A 40−80% of leakage saving has been reported in this article. Wang and Mishra, also accumulate the execution profile from the prior executions and heuristics are generated accordingly [63]. These heuristics are used at run-time with proper selection of active cache portions. This method is proposed for a multi-tasking soft real-time environment, with having a significant leakage reduction of 32− 49%, while maintaining performance. In 2011, Wang et. al. proposed a better algorithm [53] which judiciously finds a cache configuration by analysing static profiling of the applications those executed earlier.
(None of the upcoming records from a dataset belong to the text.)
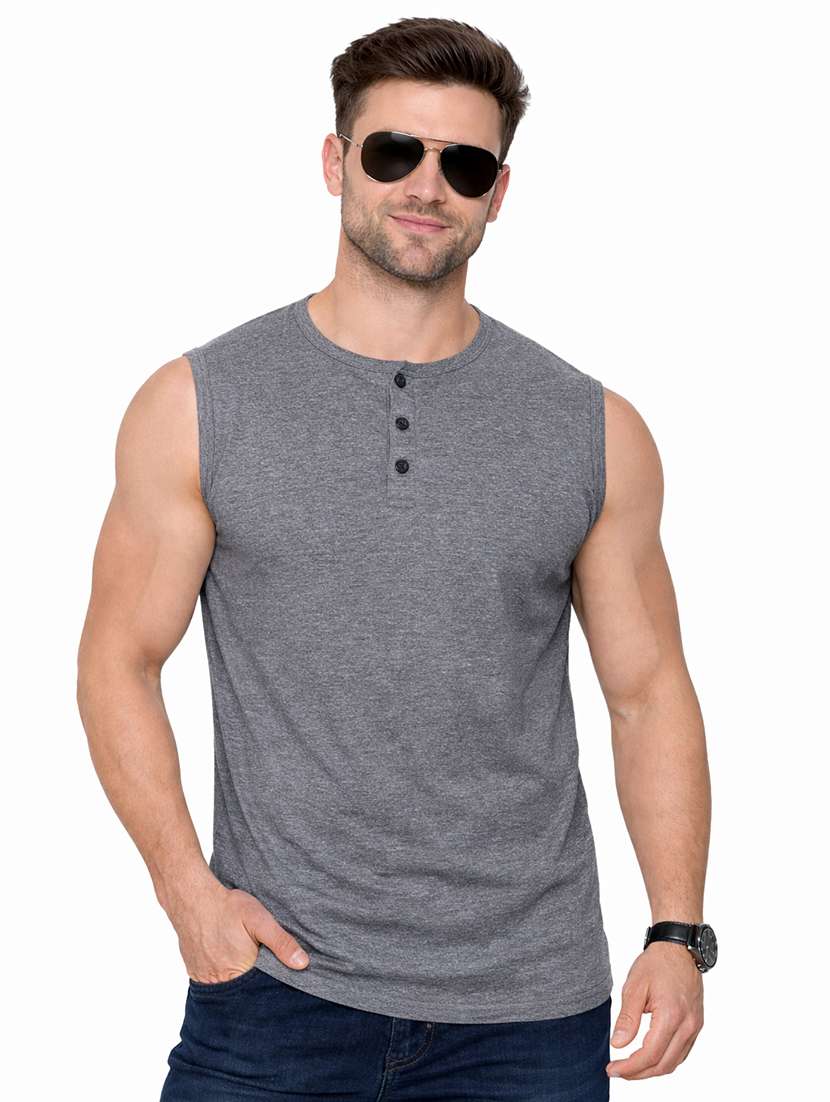 men solid sleeveless regular fit t-shirt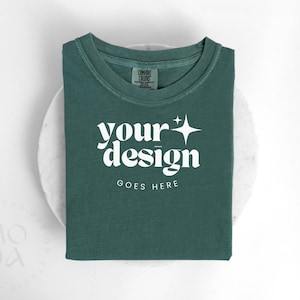 Hellgrün Komfort Farben 1717 Mockup | Gefaltetes T-Shirt Mock Up | Komfort Farben Mock-up | Flatlay Mockup | Unisex gefaltete Mock-Ups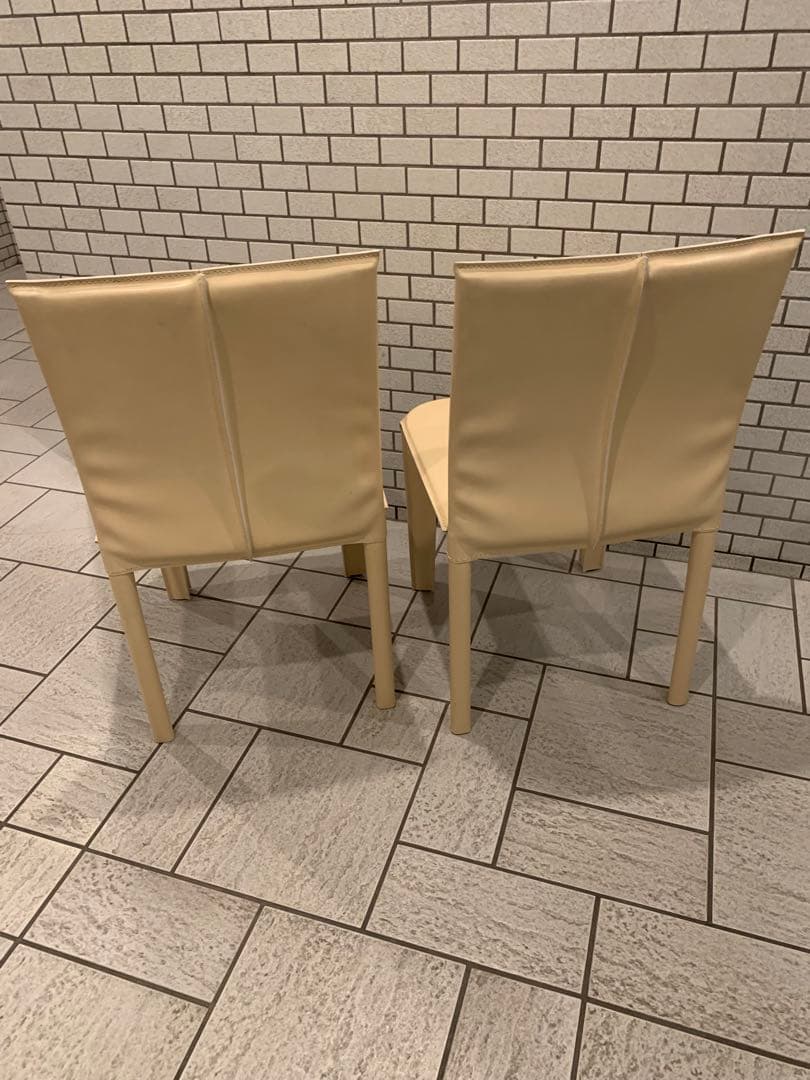 MADEイタリア製／Arper総本革アルペール2脚セット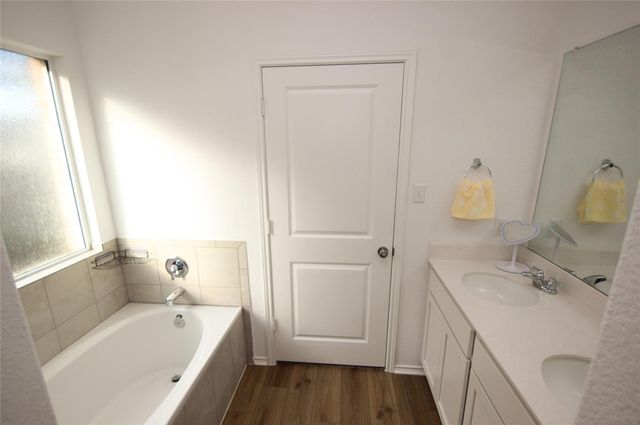 170 Maravillas BND, Bastrop, TX 78602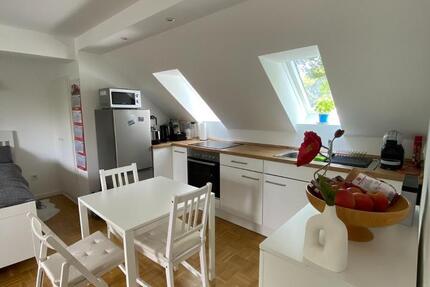 Schöne Dachgeschoßwohnung mit Loggia und Einbauküche 1 zimmer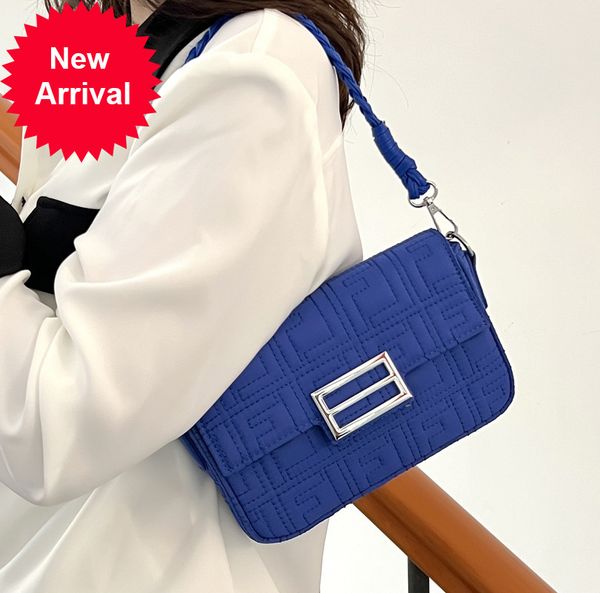 sale latest ladies bags this year's popular small women's new fashion embroidered thread shoulder
sale latest ladies bags this year's popular small women's new fashion embroidered thread shoulder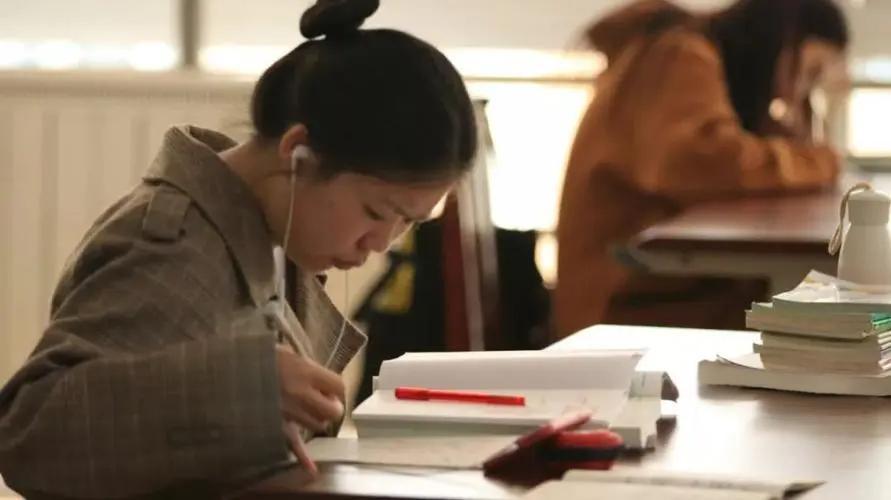 音乐美术影视舞台艺教作品赏析《艺术大观》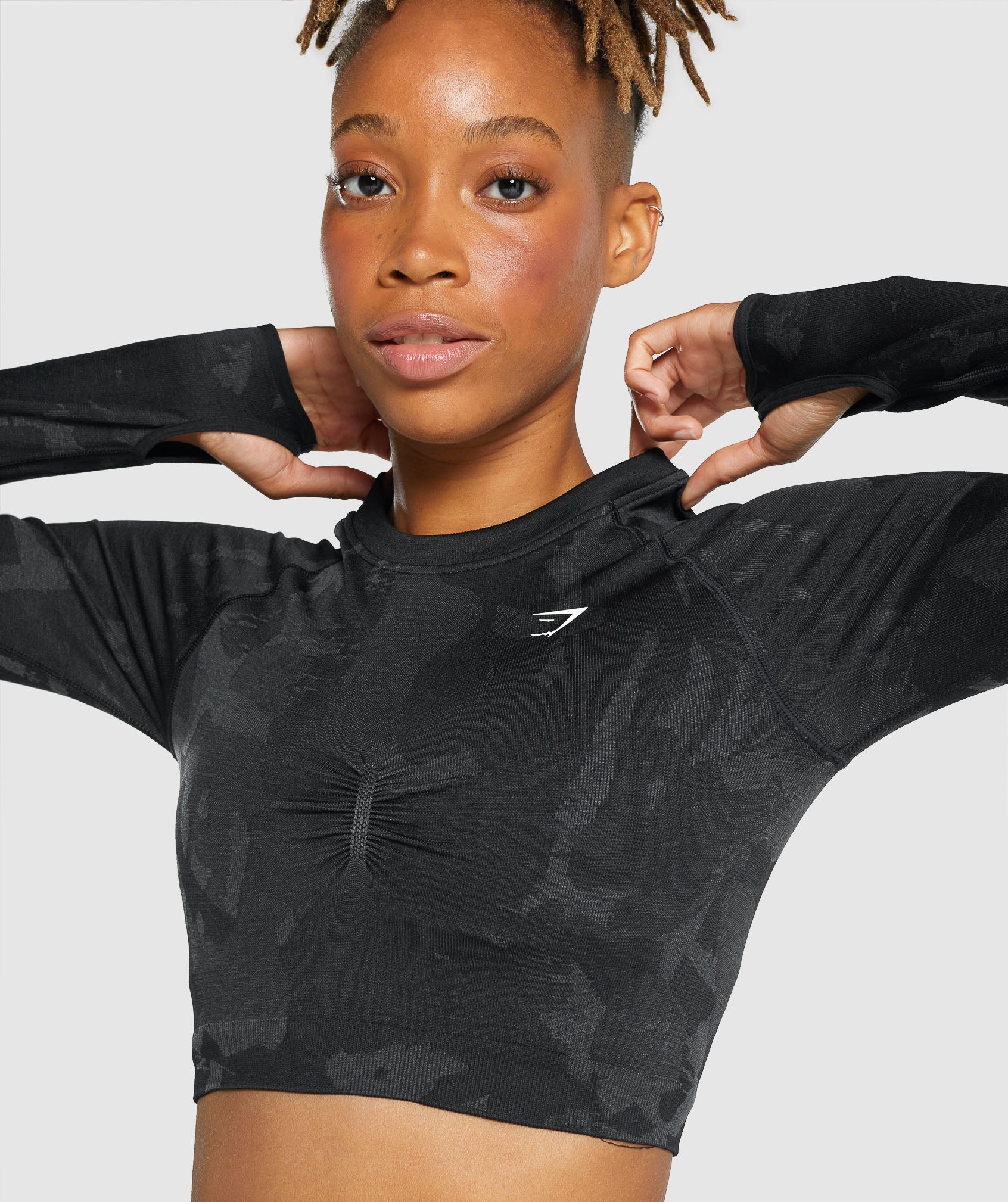 Gymshark Adapt Camo Seamless Long Sleeve Crop Top - Savanna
This policy works in both private as well as shared caches, and saves leakage upto 30%. As leakage power has a quadratic relationship with temperature, hence, Noori et. al. developed a Temperature Aware Configurable Cache (TACC) [64] that shrinks cache during
Chapter 2. Background 41 high temperature and expands the same in low temperature with a slight penalty in performance. The reduced cache temperature noticeably reduces the cache leakage, by more than 60% for higher level caches at its best.
Most of the off-line techniques mentioned above reduce leakage consumption of the caches, however they have some limitations [4]:
• Most of the time, off-line techniques need prior information about the appli- cations that have to be executed.
• Analytical methods are complex and may not be a good predictor for some modern applications where cache accesses may change for its every occasion of executions.
• Compiler based methods need detailed analysis of the source code which may slow down the compilation process.
• Additionally, violation in Locality of Reference for modern long running applications demands on-line algorithm for better anticipation of the future cache footprints to save leakage accordingly.
Hence, architects move to the on-line solution for better tuning of caches during execution.